*WHAT NEEDS TO BE DONE*: Take the lines below from the one with "AsianCarl online show" through the one with "One level 4" and retype them exactly. Include nothing else, and no pictures.

*DATA FOR THE TASK*:
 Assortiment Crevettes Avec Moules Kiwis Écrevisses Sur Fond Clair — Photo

==

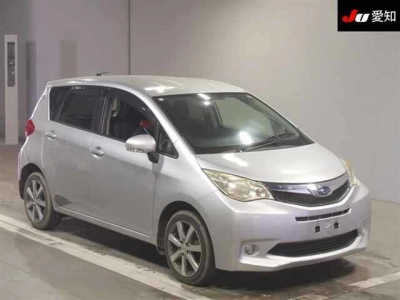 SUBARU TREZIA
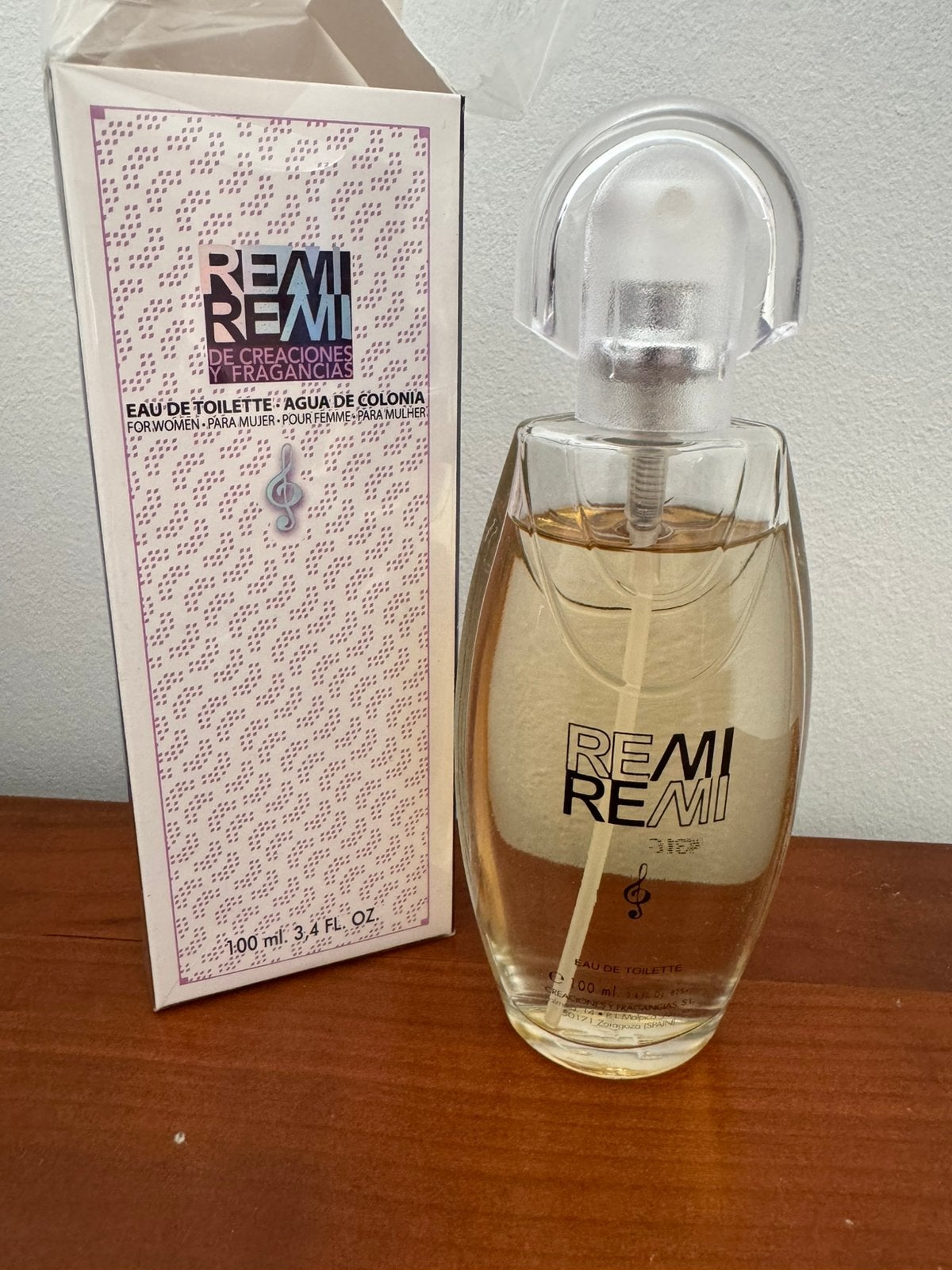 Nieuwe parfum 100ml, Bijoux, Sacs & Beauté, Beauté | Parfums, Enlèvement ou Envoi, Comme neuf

...

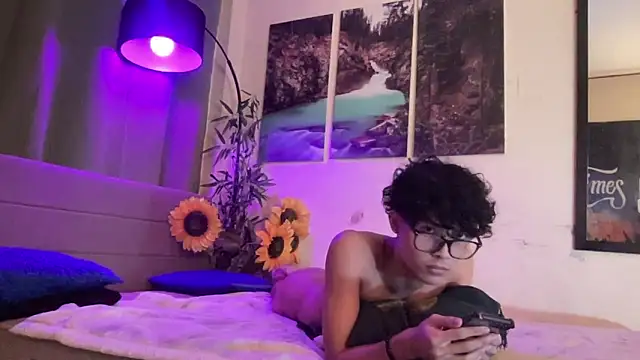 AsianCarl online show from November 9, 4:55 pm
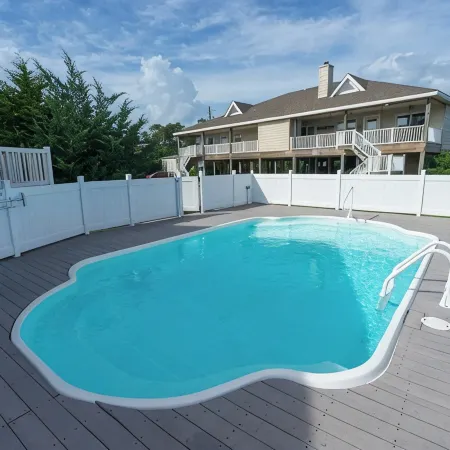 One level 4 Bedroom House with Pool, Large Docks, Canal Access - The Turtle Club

*RESPONSE AREA*:
 AsianCarl online show from November 9, 4:55 pm
 One level 4 Bedroom House with Pool, Large Docks, Canal Access - The Turtle Club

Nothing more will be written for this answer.